AVOID: Try not to use a sauce or a gravy that is too sweet or creamy — gravies can contain a lot of hidden carbs.
Diabetic-Friendly Dinner: Cheeseburger
2 beef or turkey patties (no bun!) wrapped in iceberg lettuce leaves with tomatoes, onions, ketchup, mayo, etc.
4 ounces of French fries (approximately 40 grams of carbohydrates)
1 cup of asparagus (approximately 4 grams of carbohydrates)
Total carbs: Approximately 44 grams
NOTE: You can substitute a bun in lieu of the fries, which would be approximately 25 grams of carbohydrates.

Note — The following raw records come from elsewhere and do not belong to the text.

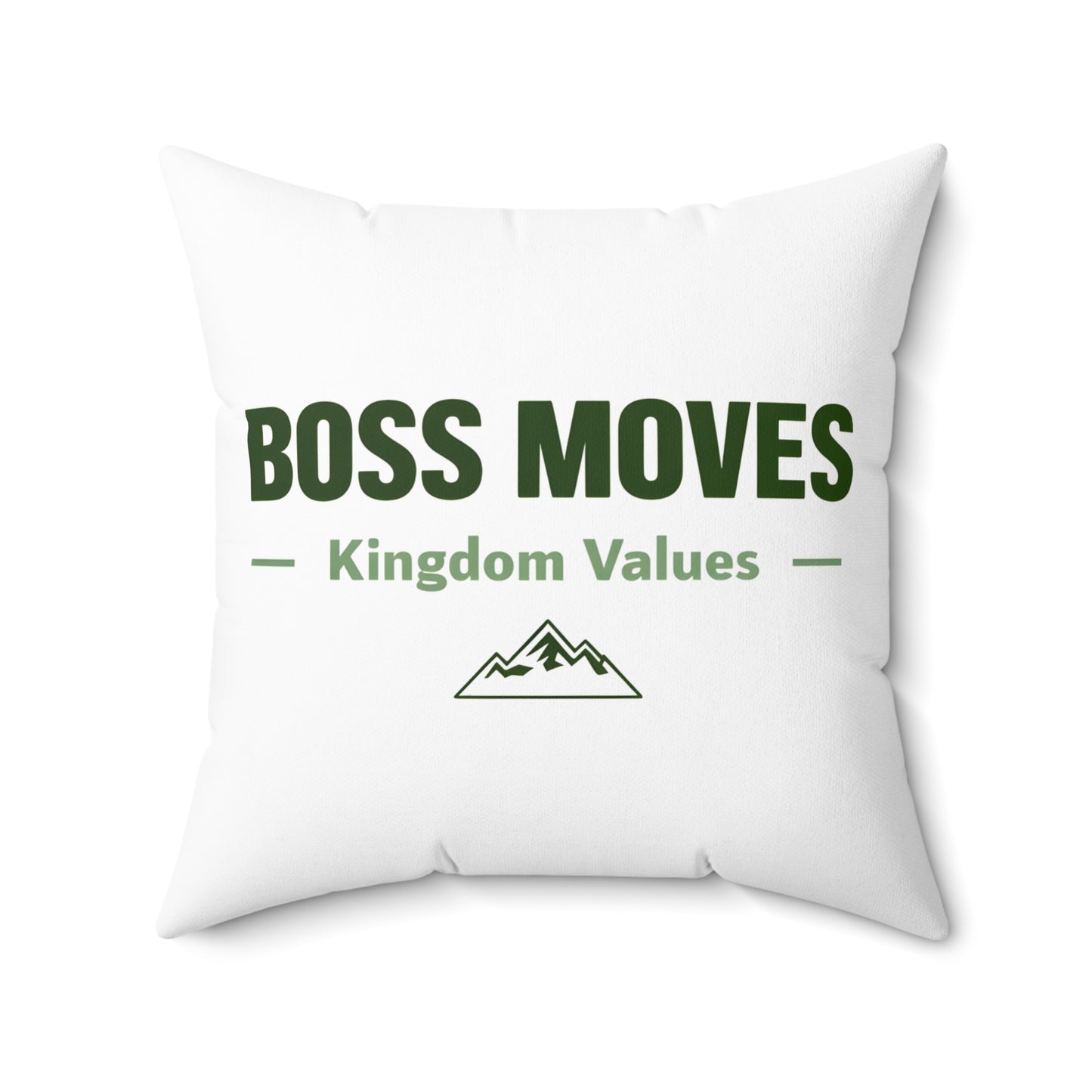 Boss Moves Soft & Durable Square Pillow – Plush Polyester Cushion for Home & Office Decor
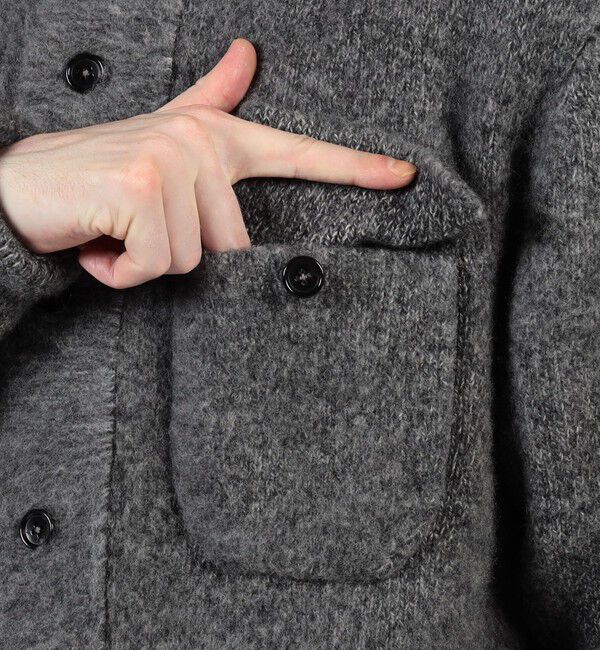 TOMORROWLAND MENS「ウールカシミヤシルク スタンドカラーニットブルゾン」|ニット・セーター|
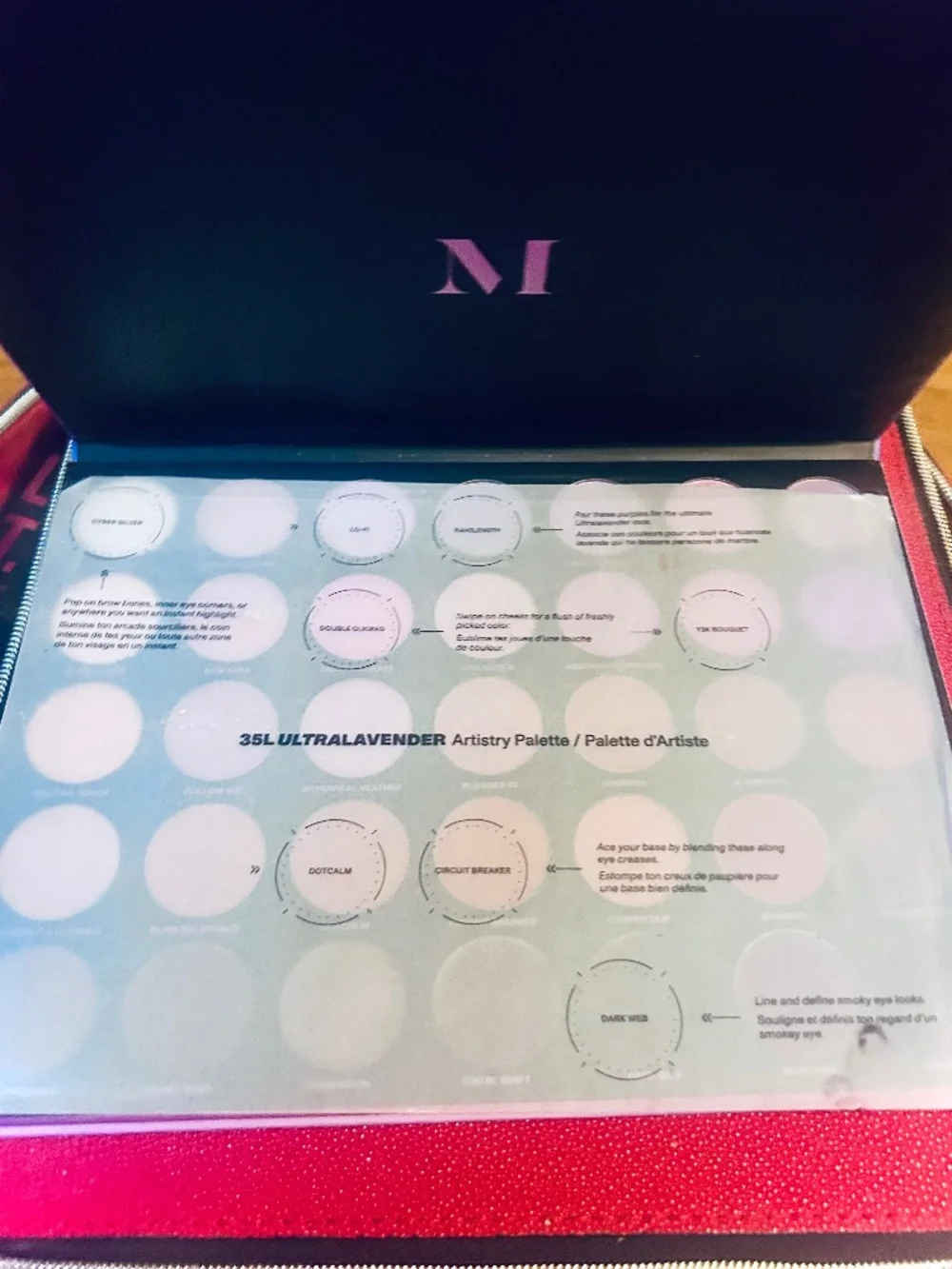 MORPHE ULTRALAVENDER 35L Artistry, EXCELLENT Deal! Eyeshadow Palette, NWOB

Hey, In N’ Out has “protein style” burgers and you can easily do it yourself with iceberg lettuce leaves and save yourself the bun. Use two turkey patties if you want to be extra healthy and stuff them in those lettuce leaves with a ton of toppings and you won’t be missing that bun at all.
AVOID: Again, watch out for those fries. If you’re worried about your self-control, then treat yourself to the bun, but don’t even bring the fries into the mix.
Diabetic-Friendly Dinner: Baked Mustard-Crusted Salmon
Large piece of salmon
1 cup of rice (approximately 45 grams of carbohydrates)
1 cup of spinach sauteed in olive oil (approximately 2 grams of carbohydrates)
Dry white wine
Total carbs: Approximately 47 grams
Salmon and rice go together very well, and they’re healthy and easy on the tummy — an important detail, since many diabetics can have problems digesting rich foods. Mustard is a good crust because it is considered a “free food," because it has zero carbohydrates. So, be as liberal with the mustard as you like, it’ll help the spinach taste better too!
AVOID: With this one, just be mindful of which rice you are using. Check the nutritional info because certain rices (jasmine, basmati) can be higher in carbs than others (long-grain, wild).
No Just Desserts
The best advice for any diabetic is to just not eat sweets. But if you have a sweet tooth and must have something, the best thing would be to top some sugar-free Jell-O with some whipped cream, which contains practically no carbs. If you replace the Jell-O with sugar-free pudding, it’s about 6 or 7 carbohydrates.